Monday, September 28, 2009

At the bottom of the importers were Austria and Switzerland – few players and hardly players with recognizable names went to the Alps. Seemingly, both countries preferred German players, but since the clubs were not rich, the market was sluggish. Holland and Belgium were much more dynamic, but one-sided – Belgian clubs bought almost exclusively Dutch players, and in turn Dutch clubs almost exclusively bought Scandinavians. Similar culture, similar language, similar working ethics seemingly informed such one-sided practices. Whatever foreign talent was bought by Law Lands club, it was always European players and nothing else. It seems that in 1968 a lot of Czechoslovakian refugees played in Dutch clubs – there were many names sounding Czechoslovak – but not a single recognizable name, so it is hard to say. As a whole, only Dutch players in Belgium meant anything to outside fans, and only Scandinavian players in Holland were of some renown. West Germany than.
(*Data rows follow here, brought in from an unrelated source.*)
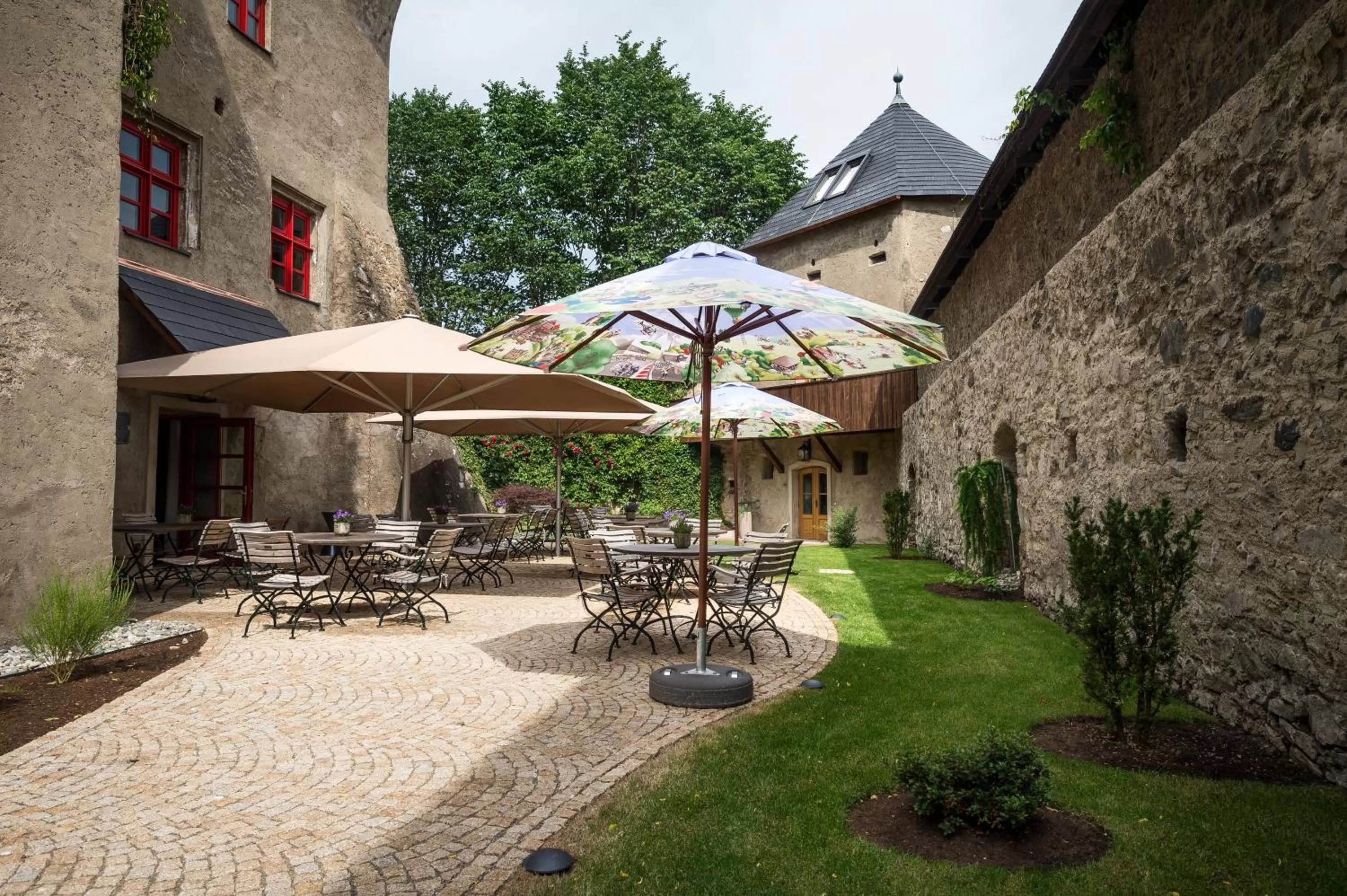 Property building in TAUROA Schloss Gabelhofen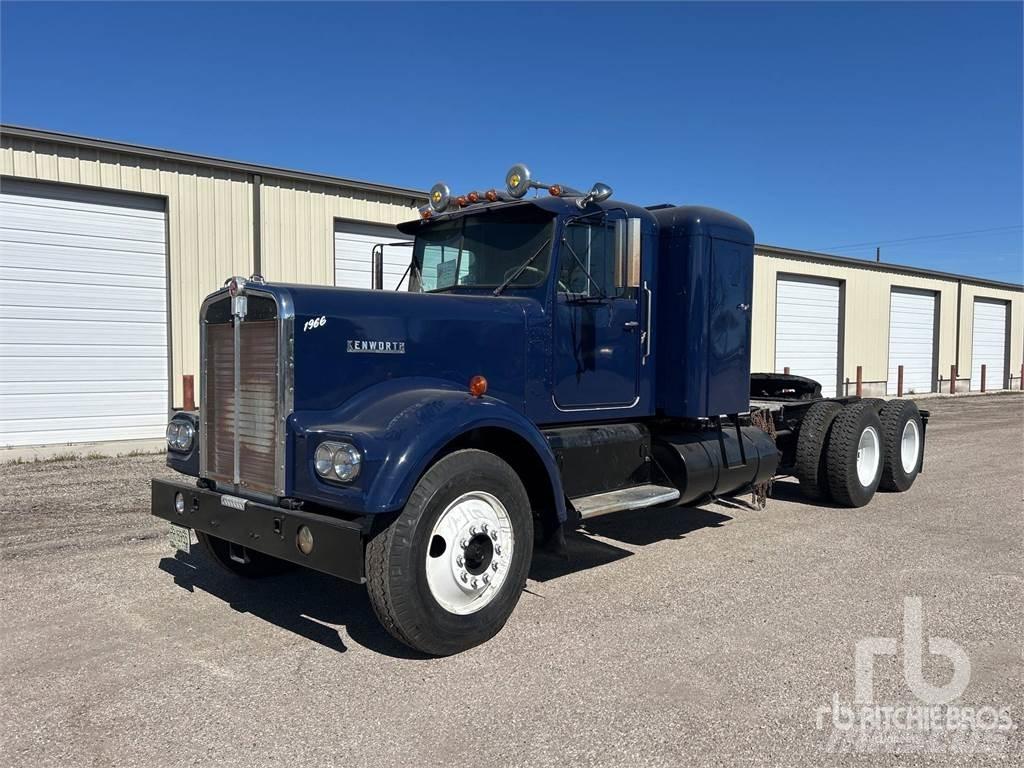 Kenworth CC25 Тягачі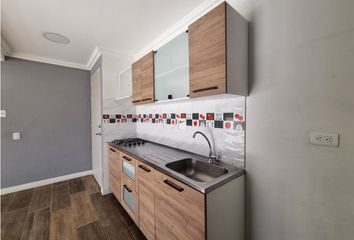 Apartamento en Avenida 33, Bello, Valle De Aburrá, Antioquia, Rap Del Agua Y La Montaña, 051053, Colombia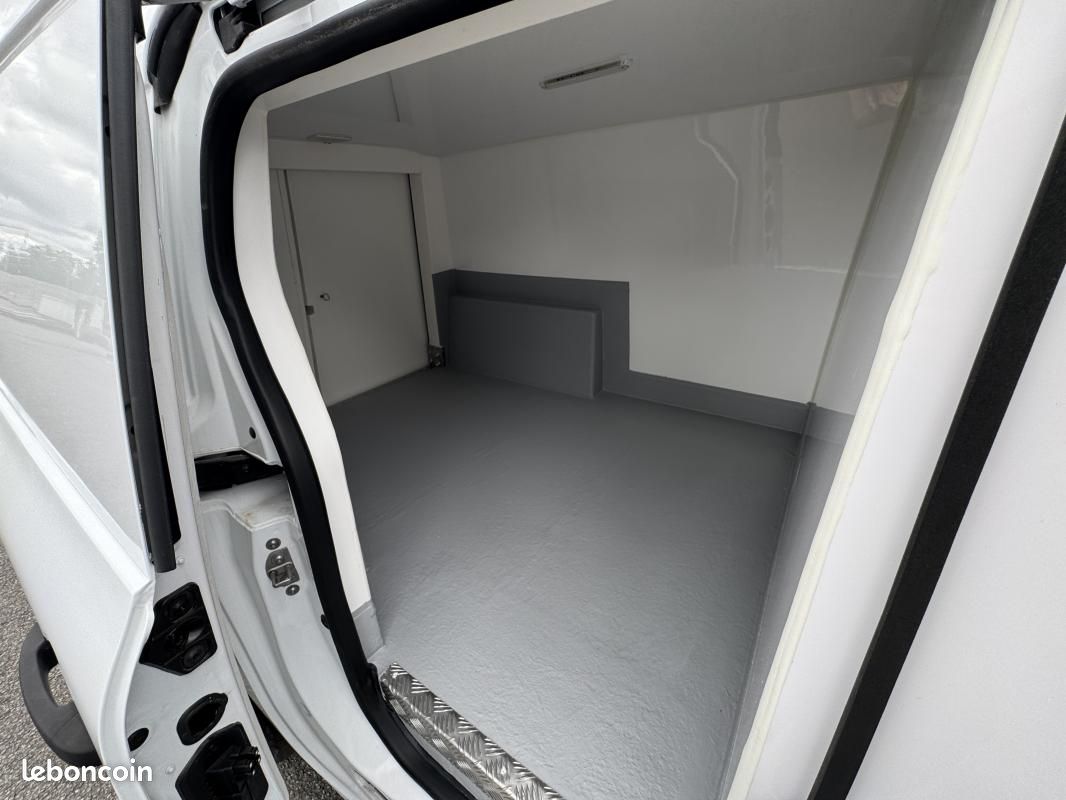 Renault Kangoo Van L2 BLUE DCI 115 GRAND CONFORT - CAISSE ISOTHERME (image 13)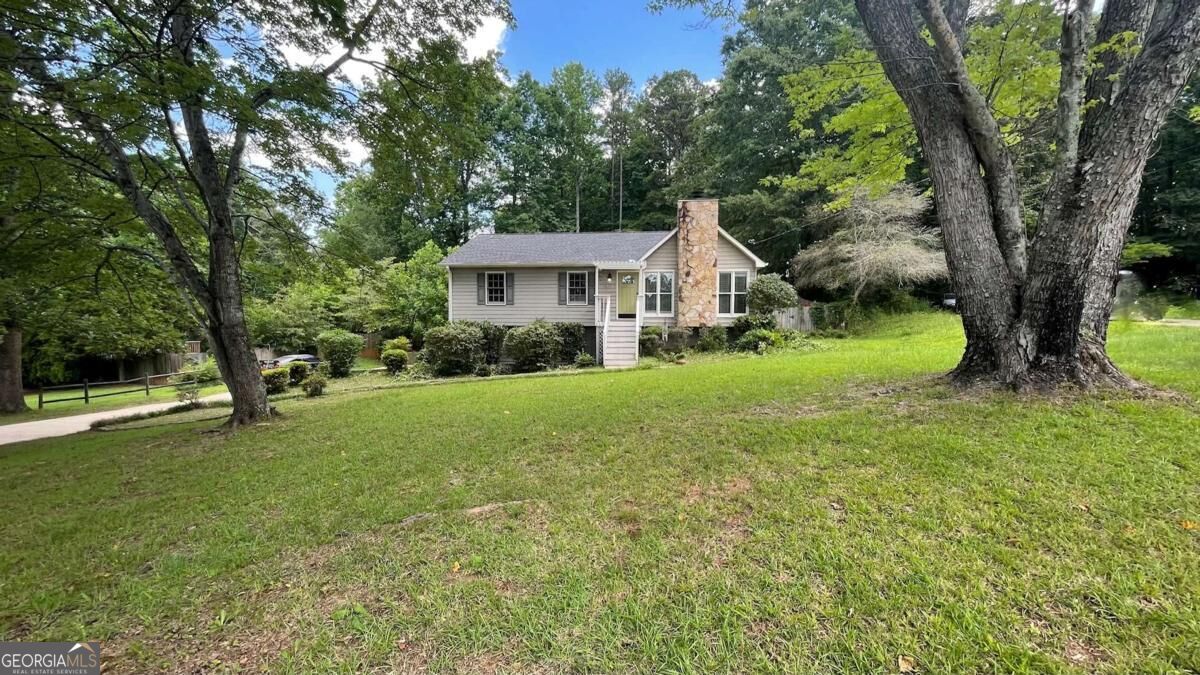104 Paces Lakes Ridge Property Photo 4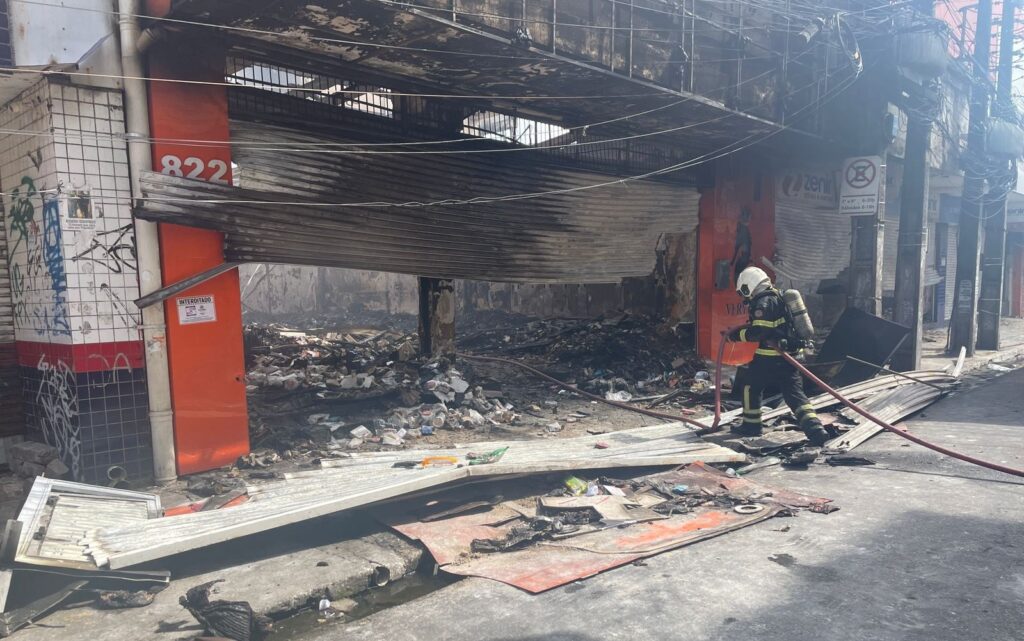 Imagens mostram destruição de loja no Centro de Fortaleza após incêndio desta quinta (27)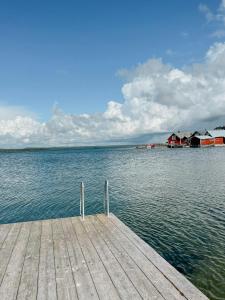 Seaview Cabin With Terrace Near Nature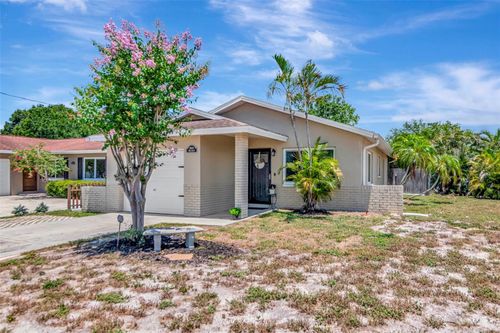 7001 70th Ave N, PINELLAS PARK, FL, 33781-3909 | Card Image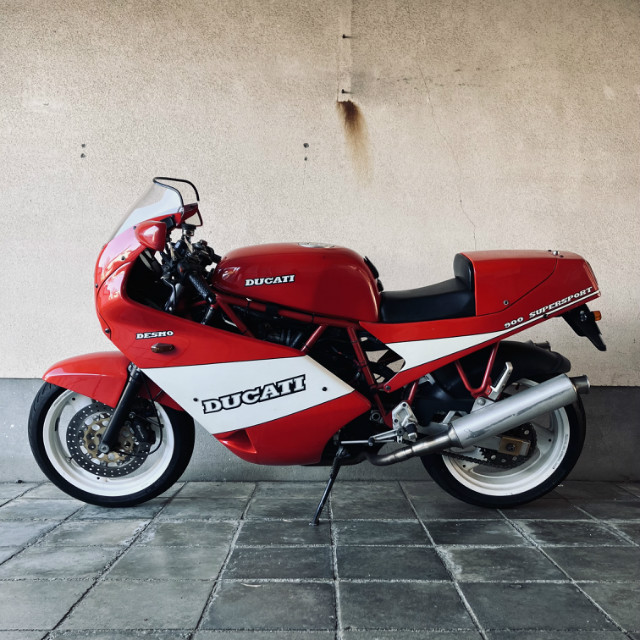 DUCATI 900 SUPER SPORT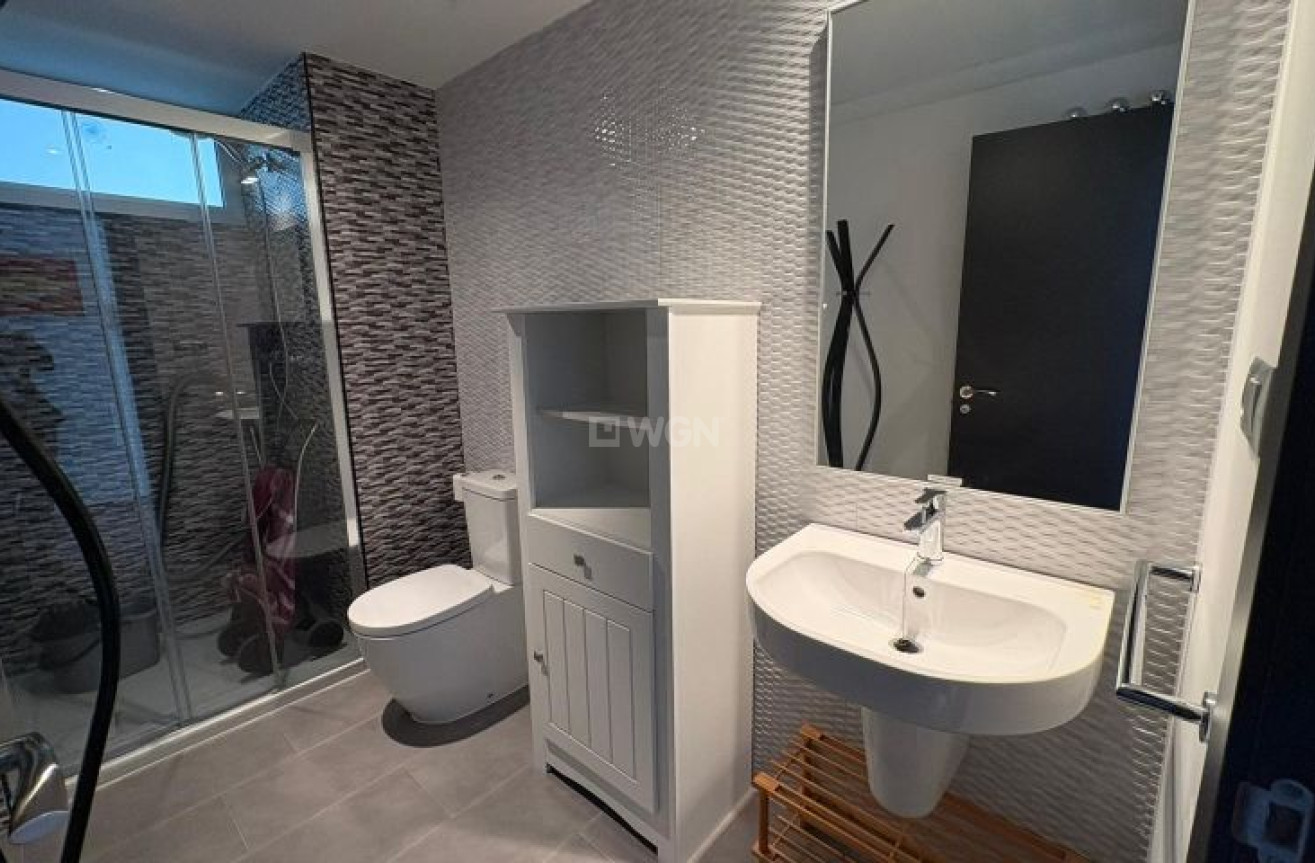Odsprzedaż - Mieszkanie w bloku - Torrevieja - Costa Blanca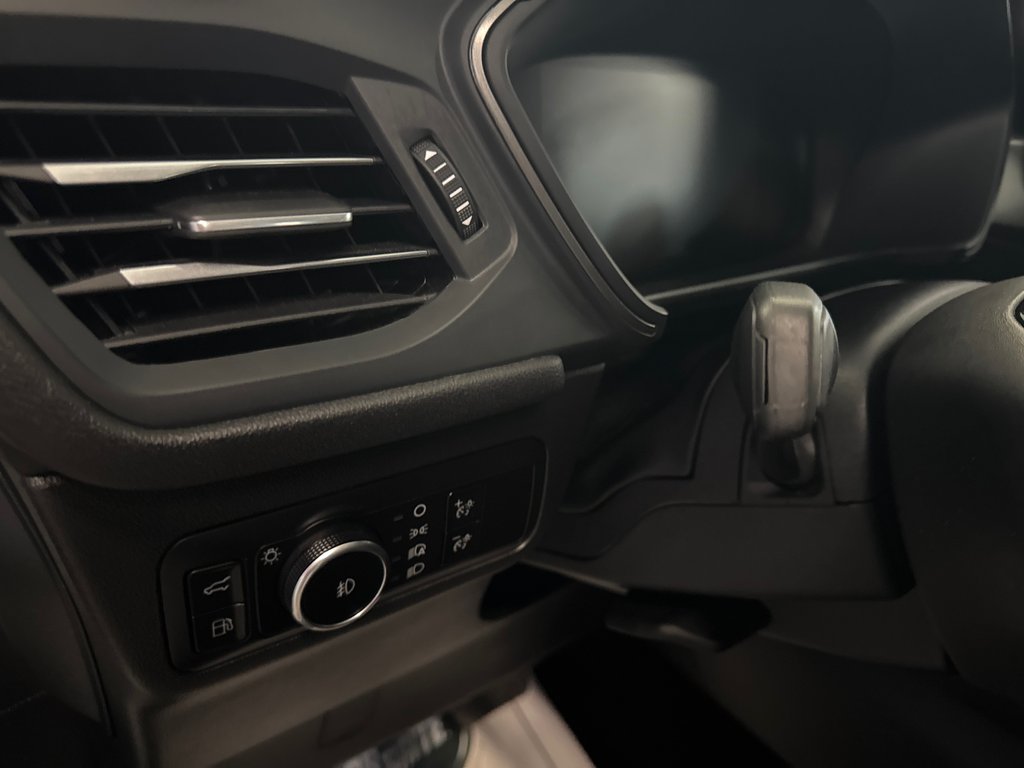 2025 Ford Escape PHEV in Saint-Jean-Sur-Richelieu, Quebec - 16 - w1024h768px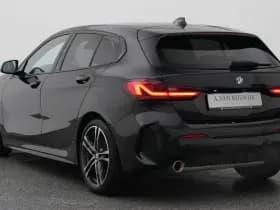 BMW 1-serie serie 116i automaat m sport camera navi thumbnail 5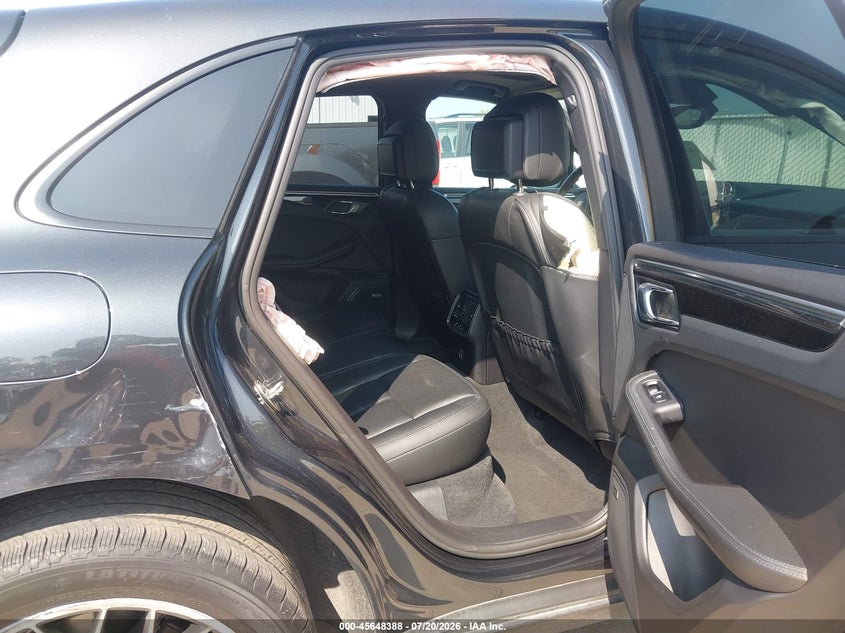 PORSCHE MACAN 2018 VIN WP1AA2A58JLB20456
Sounds great and mighty… The Bundesliga was notoriously shrewd buyer: the total of foreigners in the Bundesliga for 1971-72 season is 15. Among them only 4 were imported in the summer of 1971. The names deserve to be listed here as an illustration: Nico Braun (Luxemburg), Ender Konca (Turkey), Zlatko Skoric (Yugoslavia), and Hans Ettmayer (Austria). Ever heard of them? German rules permitted two foreign players, but even big clubs did not bother to have that many – Bayern and Borussia (Moenchengladbach) were happy with one Dane in each club, both already established.

As late as 1970-71 season Bayern (Munich) were happy to field the Austrian Pumm, whoever he was, along with Beckenbauer and Muller. West German clubs did not spend big money on big foreign stars.

German clubs depended on sound financial policies and careful building of their teams. It was unsound to spend enormous money on some foreign star, who may fit, but may be not fit. It was better to see where is the weak spot in the team, to look around for a player who exactly fits the need, and if there is no available player in the Bundesliga, to look abroad in a country with dependable football tradition and cheap players. And there were such countries nearby – Sweden, Denmark, Austria, Yugoslavia. One doesn’t have to look very far. It was reasonable way of thinking, it was reasonable practice – keeping open doors, but not going crazy and bringing carloads of exotic players. The success of the German clubs was largely in their policy: they got only what they needed for a stronger team. Never for the flash, never just to have big name in the squad. No wonder German football dominated Europe for the most of the 1970s and early 1980s on club level and the world on the national team level. No wonder German teams are strong, wealthy, and winning today – they were built on very good foundation. Very careful foundation too – until 1975 there was no Second professional division in West Germany. And Third professional division was formed in… 2008.